# mystery guest



## gypcqueen83 (Sep 24, 2007)

Is anyone receiving a private message from a "guest" named buddah that says hi i am new here and then gives a link to click on? and that's it. No i did not click on the link.


----------



## Dave M (Sep 24, 2007)

There are no BBS registrants with the exact user name of "buddah". Are you sure that's the exact user name on the PM you received?


----------



## tkwan (Sep 24, 2007)

*I got one too*

Here's the full message:

2007, 09:25 PM   	  
buddha
Guest

BBS Reg. Date: Sep 23, 07
Posts: 0

Greeting
Hi,
I'm new here, how's it going?

"Buddhism has the characteristics of what would be expected in a cosmic religion for the future: it transcends a personal God, avoids dogmas and theology; it covers both the natural & spiritual, and it is based on a religious sense aspiring from the experience of all things as a meaningful unity" - Albert Einstein

---
buddha
[web address removed - mg]


----------



## TUGBrian (Sep 24, 2007)

I would recommend not clicking on random links from anyone in PMs =)

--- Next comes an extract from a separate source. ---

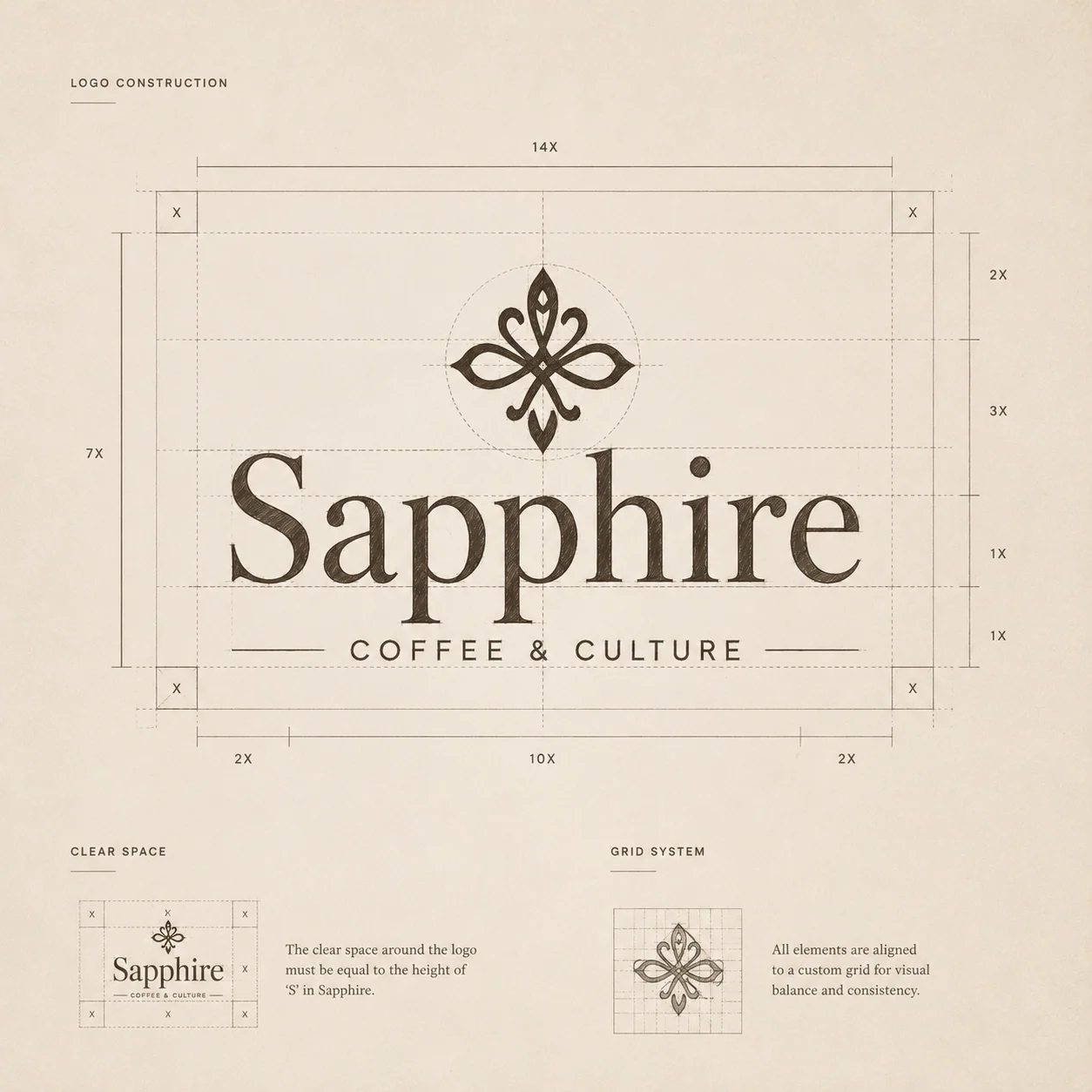 sapphire coffee & culture — the system visual 3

Ill take care of buddha here real quick.


----------



## gypcqueen83 (Sep 24, 2007)

thanks! i will delete message I received.


----------



## Helaine (Sep 24, 2007)

I got this message too!


----------



## sml2181 (Sep 24, 2007)

I got my 7th this morning!


----------



## Makai Guy (Sep 24, 2007)

Username:                    buddha
Registered:                  September 23, 2007, 10:55 pm (EDT)
Banned by Tug Improvements!: September 24, 2007, 12:52 am (EDT)


----------



## Rhys (Sep 24, 2007)

I also received it a few days ago.

Rhys


----------



## Dave M (Sep 24, 2007)

If you received it "a few days ago", it's likely not the same issue that others are reporting here - a spam message received through the TUG BBS Private Message system. That's because, as shown in Makai Guy's post, the individual sending the messages was an active registrant on this BBS only last evening and for less than two hours!


----------



## Makai Guy (Sep 24, 2007)

But that's not to say he, or somebody else may not have done the same thing under a different user account.  We can't do anything about it if you don't report it.

There is no 
	

	
	
		
		

		
		
	


	




 icon to press in a PM to report it to the staff.  But there is always the "Contact BBS Admin" link at the bottom of all bbs pages (including PM pages).  Your private messages are truly private, and staff have no access to them, so be sure to include enough information in your report to identify the sender (the bbs username from the lefthand column of the message will do nicely) and copy/paste the offending message PM text into your report.  Using the "Contact BBS Admin" link is preferable to forwarding a copy of the PM because it goes to several people and increases the odds that it will be attended to quickly.


----------